The Beatles Book
- Publisher: Sean O’Mahony
- First issue: August 1963; 62 years ago
- Final issue Number: January 2003 321

= The Beatles Book =

Monthly magazine that ran from 1963 to 2003

The Beatles Book (also known as Beatles Monthly) was a fan magazine dedicated to the English rock band the Beatles, founded in 1963. It was first published in August 1963 and continued for 77 editions until it stopped publication after the December 1969 edition. It was revived in 1976, and ceased publication in 2003.

==Publication history==
In early 1963 a music writer and publisher, Sean O’Mahony, (who already published a magazine about the music scene called Beat Instrumental) heard Please Please Me and asked Brian Epstein if he could publish a magazine devoted to the Beatles. Epstein and the group agreed and the title launched in August 1963 with a print run of 80,000. By the end of the year circulation had grown to 330,000 copies per month. O’Mahony edited the magazine under the name of Johnny Dean.

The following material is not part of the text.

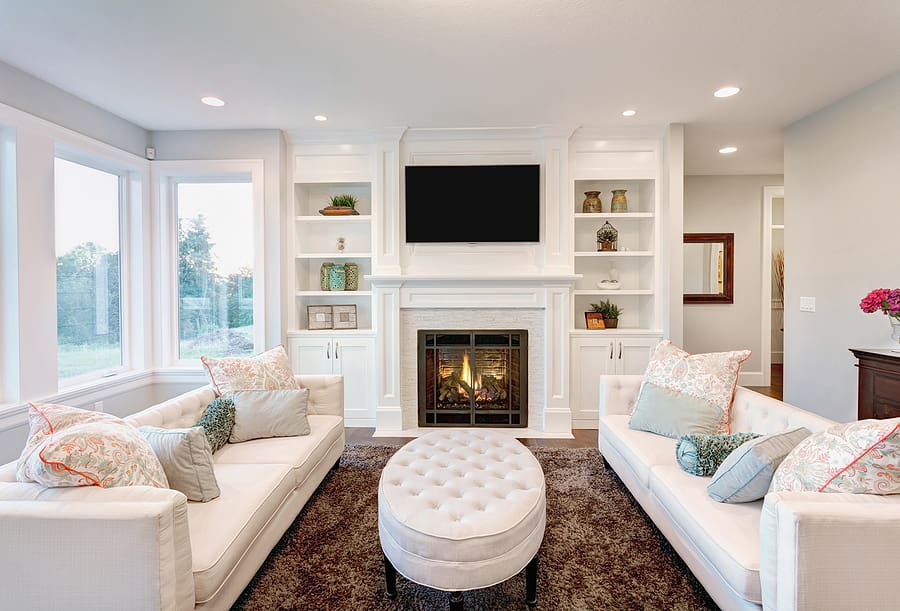 Renovated living room with white custom built shelves and a fireplace.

The magazine's photographer, Leslie Bryce, had unrivalled access to the group throughout the 1960s, travelling the world and taking thousands of photographs. In addition, Beatles roadies Neil Aspinall and Mal Evans wrote many of the articles, and artist Bob Gibson created numerous cartoons and caricatures of the fab four on a regular basis. (He eventually did the cartoons for the Beatles' 1967 Magical Mystery Tour EP-set/US-album booklet.)

In May 1976 O’Mahony revived the publication and republished all 77 original issues surrounded by eight (later sixteen) pages of new Beatles news and articles. The reissue programme was completed in September 1982, coincidentally at a time when interest in the band was high due to the impending twentieth anniversary of "Love Me Do". Consequently, the decision was taken to continue the magazine with all new content. Publication continued until January 2003 (issue 321) when it once again ceased.

Sean O'Mahony retired from publishing in 2002 and died in 2020.